→ PROBLEM TO WORK ON: Output only the lines of the entries that follow, starting at the one with "room details featuring" and running down to the one with "Omega Megaquartz Seamaster", both included and unchanged.

→ EXTRACTED RECORDS:
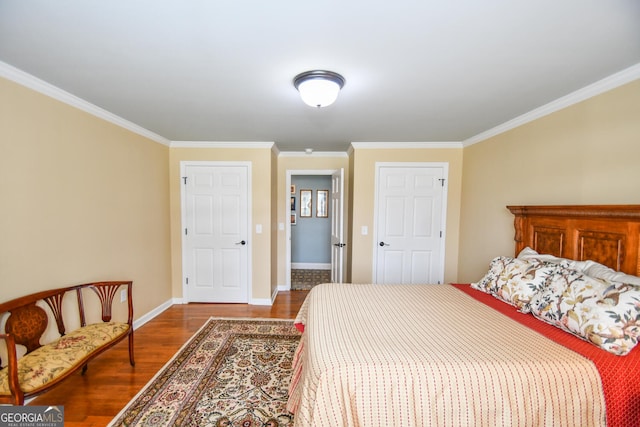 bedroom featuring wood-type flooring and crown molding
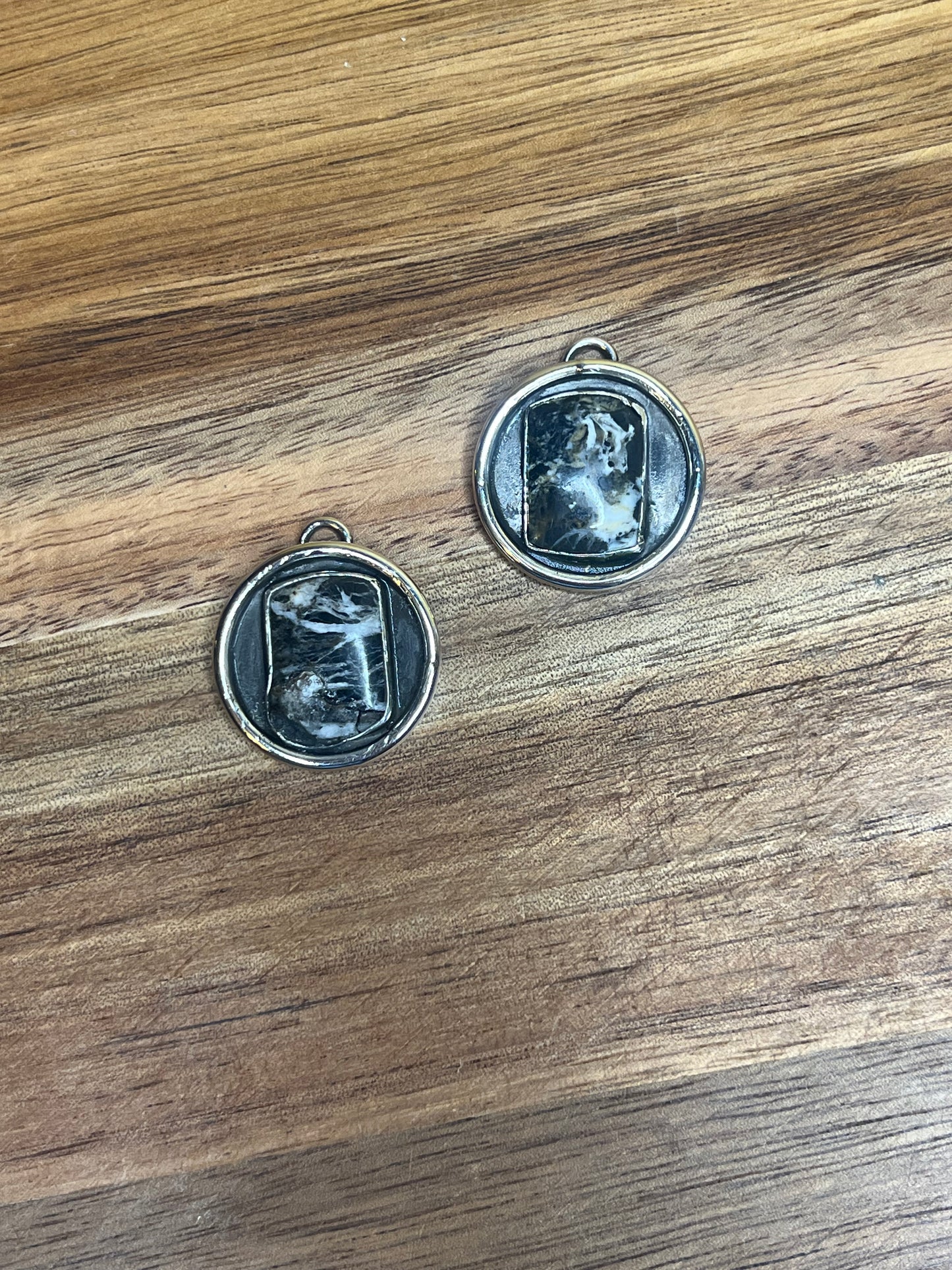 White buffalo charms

==

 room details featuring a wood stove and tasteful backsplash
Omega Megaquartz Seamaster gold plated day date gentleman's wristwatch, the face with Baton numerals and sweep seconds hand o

...

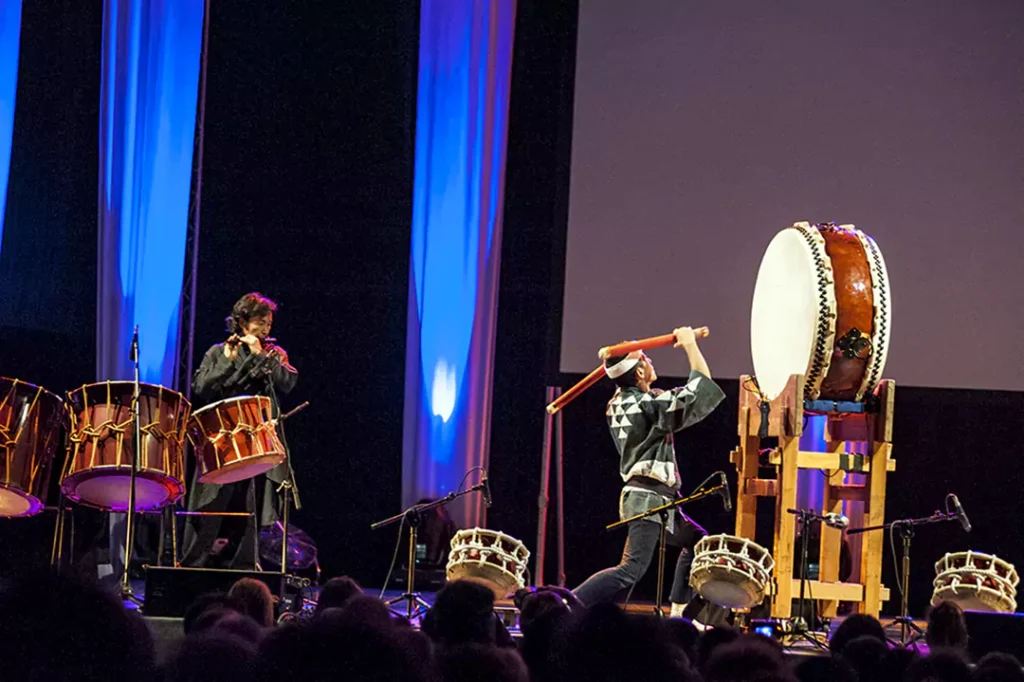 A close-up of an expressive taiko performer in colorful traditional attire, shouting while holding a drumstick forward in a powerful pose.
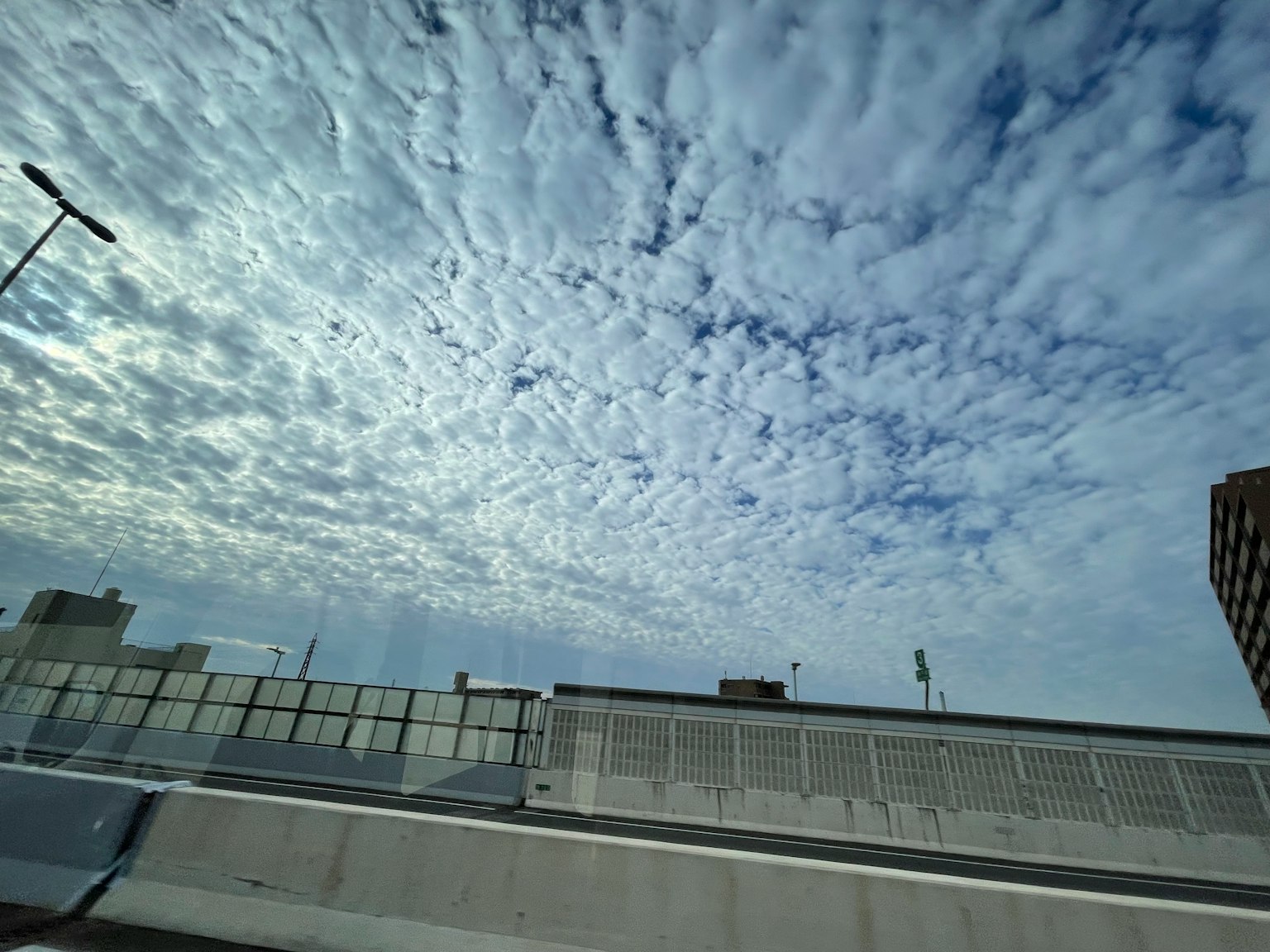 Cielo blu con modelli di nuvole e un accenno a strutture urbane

→ ANSWER:
 room details featuring a wood stove and tasteful backsplash
Omega Megaquartz Seamaster gold plated day date gentleman's wristwatch, the face with Baton numerals and sweep seconds hand o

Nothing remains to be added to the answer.